We are sad to hear yesterday’s news of Emma Amos’s passing. Emma Amos was a painter, printmaker, weaver and educator—a great artist and innovator who helped broaden greatly American art in the late twentieth century, challenging inequalities in both art and society with a bold figurative message. I would like to remember her life and work as best we can—through the artworks we have handled here at Swann, as they introduced me to her many facets as an artist.
Amos sought to deconstruct traditional representations of race, gender and beauty, and embraced experimental techniques as a painter and printmaker. Born in 1937 in Atlanta Georgian, Emma Amos pursued her broad interests in art, studying painting, printmaking and textile design at Antioch College in Ohio. During the fourth year of her five-year program, she made the first of two trips to England to study etching at the London Central School of Art, making abstract images in etching and aquatint. By 1960, she had moved to New York, and began working with textile designer Dorothy Liebes. While studying for her masters in art education at NYU, in 1964 Amos became the first female artist to join Spiral, the collective of African-American artists founded by Charles Alston, Romare Bearden, Norman Lewis, and Hale Woodruff.
By the early 1970s, Amos developed a feminist aesthetic creating modern portraits centered on women as the subject. She continued to make prints in intaglio at Bob Blackburn’s Printmaking Studio in New York. Amos developed a significant body of work into the 1980s depicting African-American women as heroic figures, and everyday women at leisure, in particular swimming including the etchings Sand Tan, 1980, To Sit, 1981, and the painting Arched Swimmer, 1987. Working with master printer Kathy Caraccio, Amos also developed monotypes with similar collage elements and mixed media as found in her paintings on fabric.
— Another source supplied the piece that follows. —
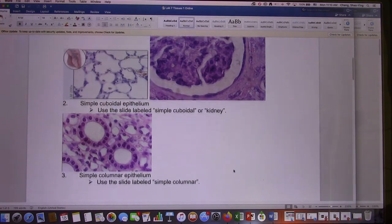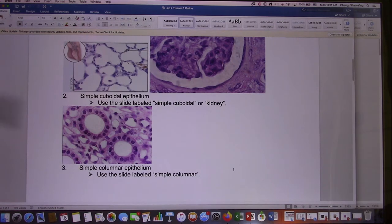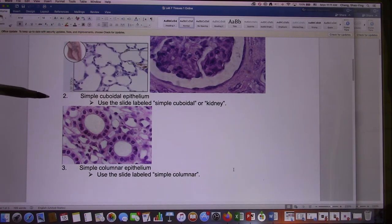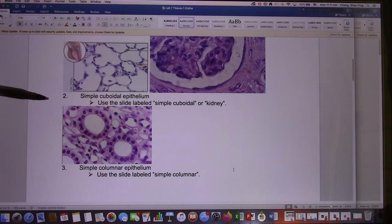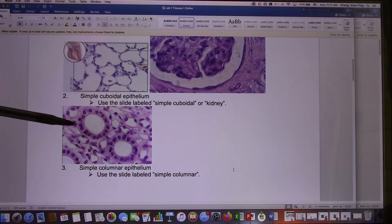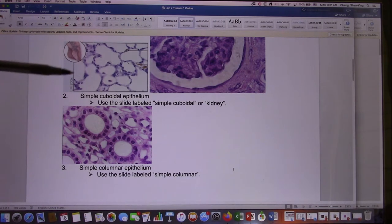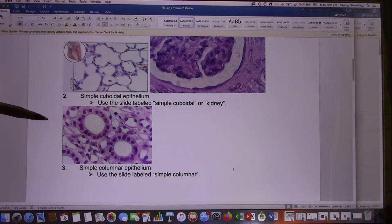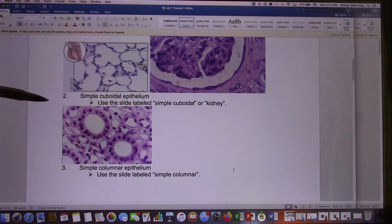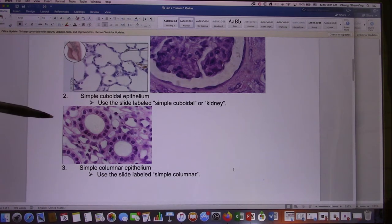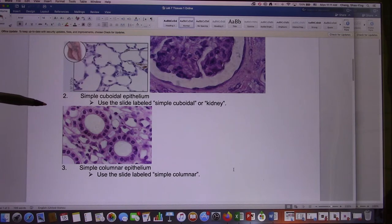Now let's look at the simple cuboidal. All these pictures are still from the textbook. Simple cuboidal — one layer and it's cube-shaped. Every time you look at the slide, you always have more than one kind of tissue because they come from organs, and organs are made of a lot of tissues.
In 1980, when hired as a professor at the Mason Gross School of Art at Rutgers University, Amos developed an important body of fabric paintings. Her combination of non-traditional subjects with non-traditional media helped redefine the representation of African-American women in contemporary art. Emma Amos’ series of paintings on fabric through the late 1990s further celebrated African-American women and culture. With Kente and Adinkra cloth collage, vibrant colors, glitter and gold, her paintings were often joyous celebrations of dance and music, recognizing both the uniqueness and inclusiveness of African-American culture.
In the last five years, Amos had only just begun to receive recognition in institutions and exhibitions, after her decades of accomplishments and contributions. Amos’s paintings have recently been acquired by the Cleveland Museum of Art and Brooklyn Museum, and her artworks were included in the traveling museum exhibitions We Wanted a Revolution: Black Radical Women 1965-1985 and Soul of a Nation: Art in the Age of Black Power. Her first retrospective is planned for 2021 at the Georgia Museum of Art.